On September 30, students and staff across Niagara Catholic dressed in orange t-shirts in memory, honour, and support of residential school survivors. Our senior leadership team, some of our central leadership team, trustees, and students also participated in the fourth annual Unity Walk in Fort Erie, in solidarity with the Indigenous community.
For those who attended it was a moving experience, as a sea of orange made its way from Mather Arch in Fort Erie to the Fort Erie Native Friendship Centre on Buffalo Road, where speakers shared their truths about residential schools and looked toward healing. Director of Education Camillo Cipriano and Chair of the Board Danny Di Lorenzo laid a wreath in the memorial garden.
This visible show of support is important, but it must go far deeper than that.
Our Catholic faith teaches us that reconciliation is atonement for our sins.
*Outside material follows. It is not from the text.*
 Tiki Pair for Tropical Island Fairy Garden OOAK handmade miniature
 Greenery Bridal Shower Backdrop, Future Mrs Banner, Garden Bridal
It is also defined as the restoration of friendly relations, and the notion of bringing one view or belief compatible with each other.
As a Catholic school board, Niagara Catholic is committed to reconciliation with the Indigenous community in all its meanings.
Our five-year strategic plan, Called by Name: Listening, Learning, and Leading guides us to do two of the most important things we can do to truly move forward in our goal of reconciliation; listening, and learning.
We must continue to listen to and have complex and often uncomfortable conversations with survivors of residential schools and their families, accepting their experiences as truth. We are in a long stage of that, said Indigenous Lead Gary Parker. But that’s the way it must be.
We must learn from their stories with open hearts and open minds, so we can fully understand the harm caused by residential schools and the intergenerational trauma to the Indigenous community that remains.
Only then can we focus on leading by example, in our words and our deeds, as evidence of our solidarity with Indigenous people and our commitment to truth and reconciliation.